A campanha foi baseada no trabalho de conclusão de curso da turma de 2012 e além de conscientizar, a campanha tem com o objetivo mobilizar a sociedade civil em torno das pautas: policiamento comunitário, investigação dos homicídios, controle de armas e políticas públicas para juventude. Uma das estratégias de engajamento é a cobertura colaborativa da campanha nas redes socias.

Segundo Dríade Aguiar, gestora nacional de mídia do coletivo Fora do Eixo, o Brasil inteiro está se apropriando das redes para chegar ao seu público. “A rede social é o campo onde temos contato com mais pessoas ao mesmo tempo. Uma mobilização que começa nas redes tem sempre grande potencial de crescer e repercutir também nas ruas ou em ações outras ações offline, nos cursos de cobertura colaborativa que a gente oferece, sempre vemos experiências como essas por todo o país”, contou.

Para Raull Santiago, 24 anos, morador do Complexo do Alemão e militante de questões sociais, “as manifestações virtuais são de grande importância, pois se propagam com extrema rapidez, tem grande visibilidade e causam pressão popular. Eu uso a internet com o intuito de atingir  um maior número de pessoas, chamando atenção para aquilo que estou buscando dar visibilidade”. Raull diz utilizar o Facebook, Twitter e Google+ com o intuito de articular coletivos, dando visibilidade ao conteúdo através do compartilhamento em suas redes.

A utilização das redes sociais como militância e ativismo abre espaço para novos discursos e olhares sobre um único tema. Nas redes sociais todo mundo pode ser, naquele instante, comentarista, sugerir pautas, levantar debates e contribuir para a descentralização da informação e do discurso hegemônico. Mas é todo mundo que tem voz nas redes sociais? Não!

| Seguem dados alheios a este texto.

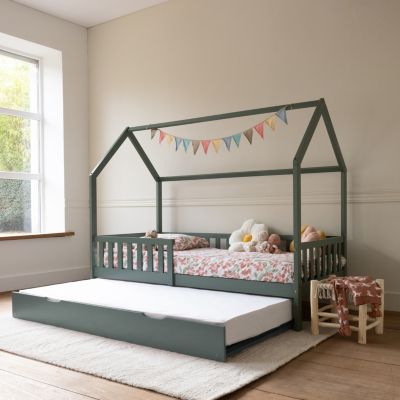 Lit cabane gigogne pour enfant 190x90cm vert MARCEAU - HAPPY GARDEN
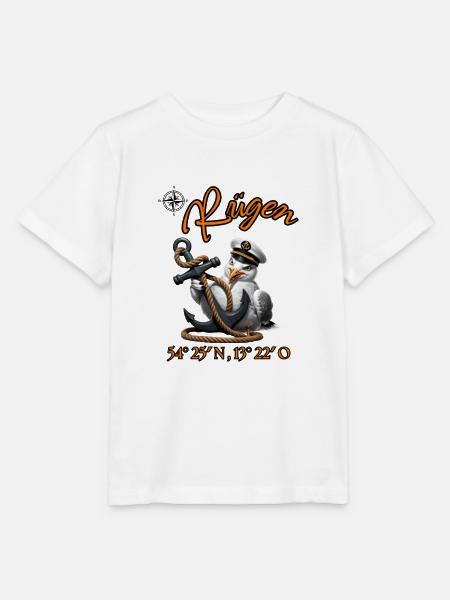 Rügen GPS Koordinaten ! lustige Möwe mit Anker - Stanley/Stella Kinder T-Shirt MINI CREATOR - Weiß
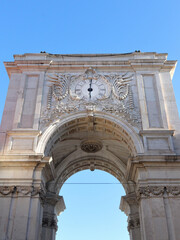 Fototapeta na wymiar The Rua Augusta Arch (Arco da Rua Augusta), built to commemorate the city's reconstruction after the 1755 earthquake
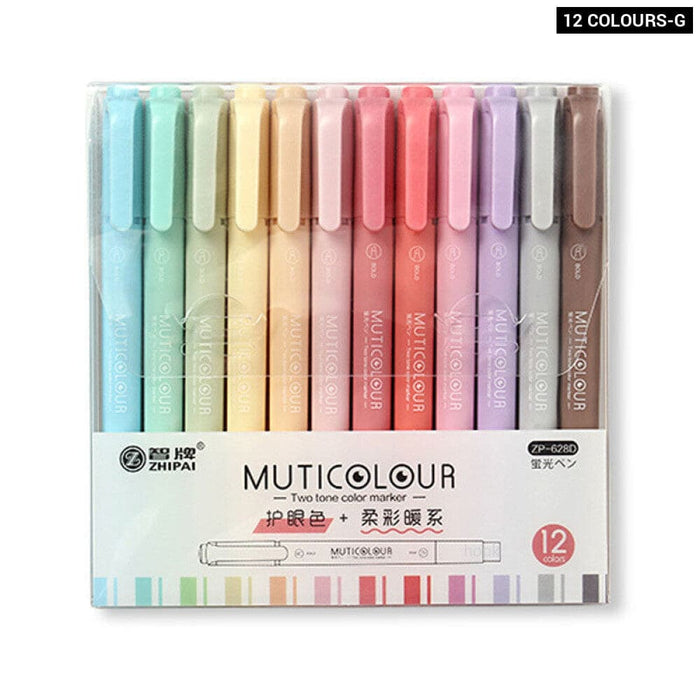 Morandi Retro Double Headed Highlighter Pen Set 6/24 Colours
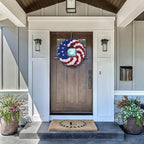 Idyllic 20 Inch Patriotic Wreath for Front Door, 4th of July Wreath with Red White Blue Silk Roses & Metal Stars, Memorial Day Day Decorations for Home Wall Porch Window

Mesmo nas redes, quem ganha mais visualizações ou curtidas é quem tem mais credibilidade, número de seguidores, redes, quem posta a melhor foto ou quem constrói o melhor discurso. Entretanto, por mais que você não possua uma rede grande ao ponto de “ditar” ideias e tendências, nas redes sociais  existe um maior número de lados e ideologias a seguir.

O compartilhamento de uma informação pode não ser a solução para aniquilar de vez o racismo, mas ajuda a disseminar a conscientização entre os cidadãos. Isso é importante no engajamento de novos atores para a causa social. O uso da internet favoreceu esta militância nos últimos anos, provando, mais uma vez, que redes sociais não é apenas brincadeira, mas também um meio no qual podem se combater ideologias e disseminar novos discursos. E que vença quem gritar mais alto.